05 February, 2007

Is Bottled Water a solution to Global Warming?

As natural drinking water supplies disappear dry up to lack of rain, people in particularly dry areas – like Stingraylia - may start thinking that they can simply replace tap water with bottled water.

No problems, mate… heaps of people do it all round the world, right...? Right. It's a fact that worldwide consumption of bottled water has more than doubled in 6 years.

But also dangerously WRONG - as you'll agree after you've read the fine print in the Earth Policy Institute's link just above.

Roller-coaster as metaphor for Climate Change?

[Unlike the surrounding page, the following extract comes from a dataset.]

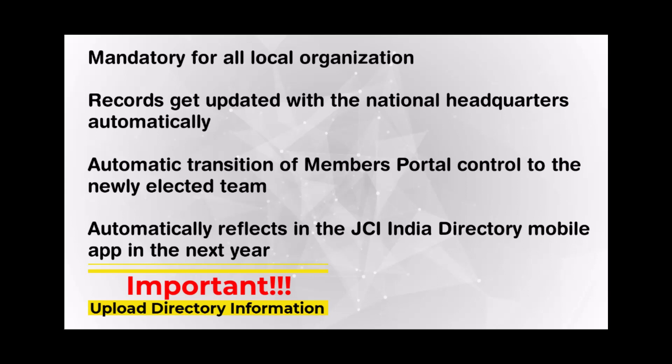The records with the national headquarters will get updated automatically. Transition of the members portal controls to the newly elected team will happen automatically, and the newly elected team and their information will get reflected automatically in the JCI India mobile application.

Paradoxically, if more of the world’s population began switching to bottled water, it would severely increase global warming. The cure would be worse than the disease.

To give a small example: to bottle and ship only one year’s worth of water to the USA (at current usage levels), companies such as Pepsico and Danone burn 1.5 million barrels of oil (= enough to fuel 100,000 cars for a year). Almost 90% of the plastic bottles (themselves a petro-chemical product) end up in landfills where they can take up to a thousand years to bio-degrade. This is clearly an absurd extravagance, especially when chemical analysis AND taste tests reveal no difference between tap water and bottled water - and some brands of bottled water can cost more per litre than gasoline.

These figures, remember, reflect current levels of bottling. If demand were to go sky-high over the next few years, this apparently neat bottled solution would actually begin to worsen our climate even more and hasten the coming catastrophe.

And then there’s the obvious question of “where do you find that quantity of clean water to bottle?” Underground water aquifers would need to be raided, with consequent water shortfalls for farmers, not to mention increasing levels of salination (salt rising). After all, the world is predicted to have 40% less rain by 2070. You can’t continue to suck up underground water in those circumstances… in fact, you would need to decrease the amount you suck up just to stay even.

Farmers in Si Saket province, Thailand, 2006, rescuing the remains of their flooded rice crop. Just because some places report floods does NOT mean that the world is safe from drought. It's an indicator of increasing climate disruption.

A general shift to bottled water is not a solution to Global Warming. It’s in the same lunatic category as the comedian's standard joke that Global Warming could be fixed if everyone on the planet left their fridge doors open for a day. Or opened the windows so the cool air-con could escape . . .

So. . . what’s a practical long-run answer? Simple enough, if you’re willing to admit the Emperor has no clothes. All the rain-water hasn't somehow "gone away"... what doesn't fall as rain is still stored right there in the sea. So quit pumping $$ into Iraq and spend it on de-salination and water-recycling plants… LOTS of them, and QUICKLY.

Bugger the cost - hey, it’s no use proudly owning the latest SUV if your family’s dying of thirst.

We must still urgently re-plant trees for a long-term answer for your children's children, but it's too late to rely on that now - a more urgent fix as is needed within 10 years. As environment groups have been saying for decades, Australia could have been at the forefront of de-salination/purification technology if only it had been a Clever Country. No amount of bragging will fill the pipes… nor will Dubya Ducklips Howard’s arrogant little band-aid 'fixes'... which are pathetically little, and tragically late.



Australia's very own Mr Magoo needs to put on his distance glasses and get his priorities right. Just yesterday, when asked about "how people might feel about a global temperature rise of between 4 and 6 degrees by the end of the century, he replied: "Well, it would be less comfortable for some than it is now”.

WOW!! How's that for complete non-comprehension (or, more likely, evading the issue and protecting coal industry jobs.... read: "votes in marginal electorates").

On this issue of jobs VS environment, see another of my earlier blogs here.

........and here are a few more funky pix:

The Coober Pedy Golf Course, in outback South Australia.
Not many birdies left here.


...and finally, the astroturf garden of the future:

The only drawback will be that you won't have a car to pull it.

Oi, oi, oi, the fights over bottled water are on already. Listen to this ABC Australia report about the brawl in one town in Victoria.

Update: (May 4, 2007). An outback town in Australia has run out of piped water, nor can it find enough trucks to deliver water. Its hospital is using bottled water to flush toilets, and the Old Folks Home is minimising the washing of patients. Time to stock up yet?